The bargain is dead. Well, at least for most people, anyway.

Seth Godin's book Linchpin traces the history of the bargain. He says that in the early part of the twentieth century, during the height of the Industrial Revolution, an idea took hold in the world.

Mass production. Taking the work necessary to make a thing, breaking it down into discrete actions, and then training people to do one of those actions exclusively.

Take a chair, for instance. It used to be that a master craftsperson made the whole chair in a shop. The end product was a beautiful thing, depending on the particular furniture maker—demonstrating the exacting care and attention to detail that a true artisan takes in their craft.

Mass production came along, though, and put ten people to work—each one concentrating on a single facet of chair-making. And because they only had one job each, those ten people achieved a level of efficiency at chair-making that allowed them to make not ten times the number of chairs of a single master craftsperson but hundreds of times the number of chairs.

That was the beauty of mass production: It allowed you to manufacture goods at an amazingly fast rate and with greater efficiency.

Why?

Because if one person on the assembly line lost a hand in the band saw, you could find someone to replace that person in no time. Production didn’t suffer, hardly at all.

People became interchangeable parts in the manufacturing process. That is, they became individual cogs in a larger manufacturing machine.

The skill of experienced craftspeople was lost. None of the assembly-line workers could make a chair; they could only make part of one. But the sacrifice of general expertise seemed a small price to pay for exponentially increased productivity. Factories.

But, it turns out, people don’t yearn to be interchangeable parts, just cogs in the manufacturing machine. They want something out of the deal.
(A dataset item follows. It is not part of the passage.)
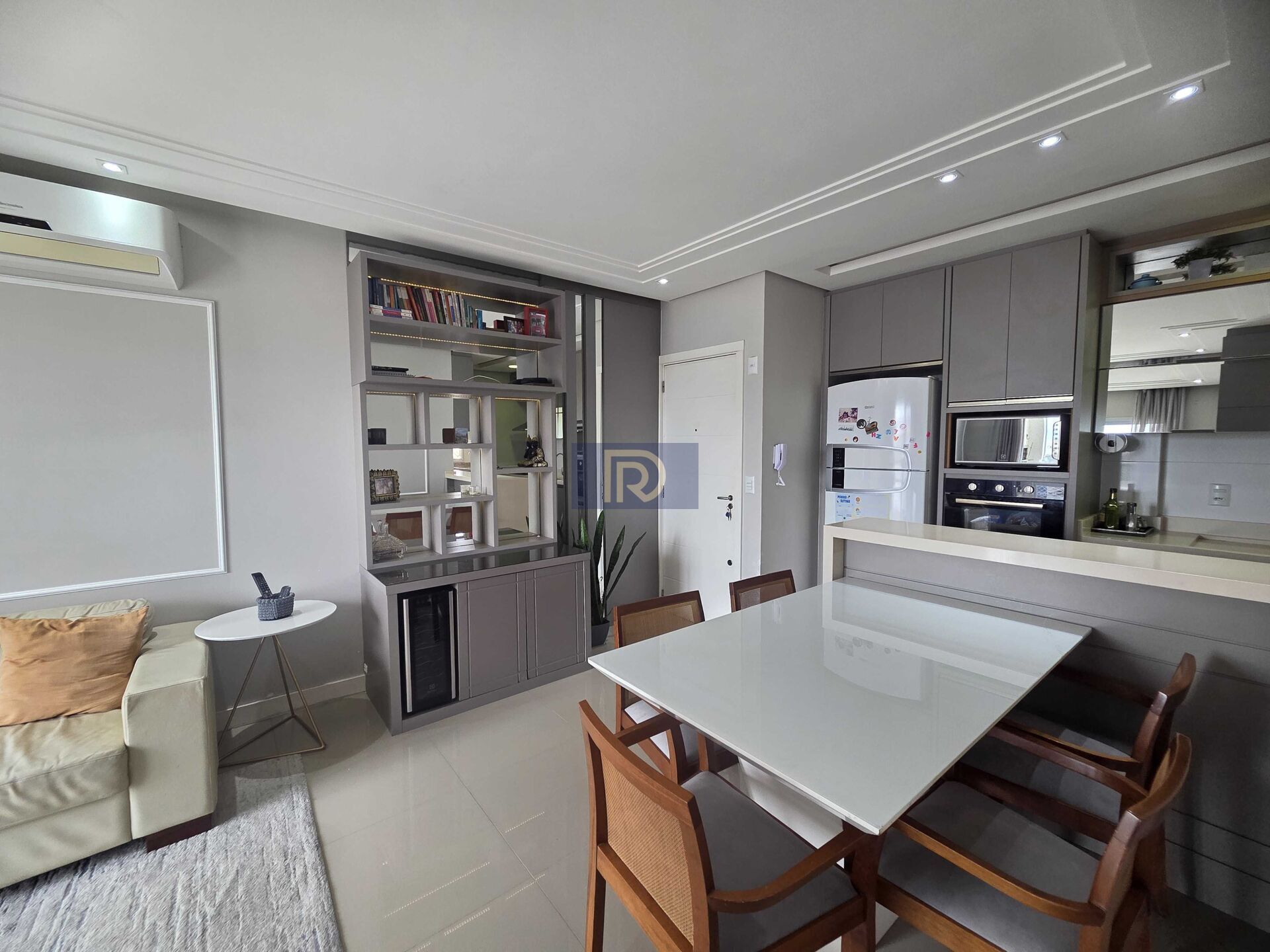 Apartamento, 2 quartos, 70 m² - Foto 14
That’s where the bargain comes in.

In exchange for trading in their uniqueness as artisans, people received the assurances of lifetime employment and a pension when they died. All they had to do was show up on time, do their job, obey the foreman, and not cause trouble. These production jobs didn’t require a whole lot of thinking, no quick decision-making. Just do what you’re told and put that bolt there. The whole bargain between manufacturers and their factory workers depended on steady, predictable work from steady, predictable workers.

It was genius. It’s how the middle class emerged. People cashed in their creativity for good pay, a steady career, a gold watch, and a dependable pension.

Stability. That was the bargain. In deciding between creativity and a predictable life, most people found it easy to choose. Take the sure thing, right?

That bargain is all but dead now. In a world that’s no longer dependent on manufacturing to drive its economy anymore, the bargain doesn’t work.

As recently as when I was in school in Michigan, it was still possible to think about catching on at one of the auto plants, working forty years at the same place, and retiring. Good pay, good health insurance, good retirement.

That dream is largely gone now.

But it wasn’t just factory work. Almost everybody grew up believing that employment and stability were a recipe for a respectable life.

That’s how the ministry was presented to me in seminary. Clergy, on the tail end of the mid-twentieth century religious bubble, were still semi-respectable people. Professionals, like doctors or lawyers, like psychologists or school principals.

Show up when you’re supposed to. Make the right people happy. Keep your nose clean. And you, too, could have a career that moves along a certain trajectory—from rural or small-town church to county-seat church to urban church to a “big steeple church” or a church in the paradise of suburbia.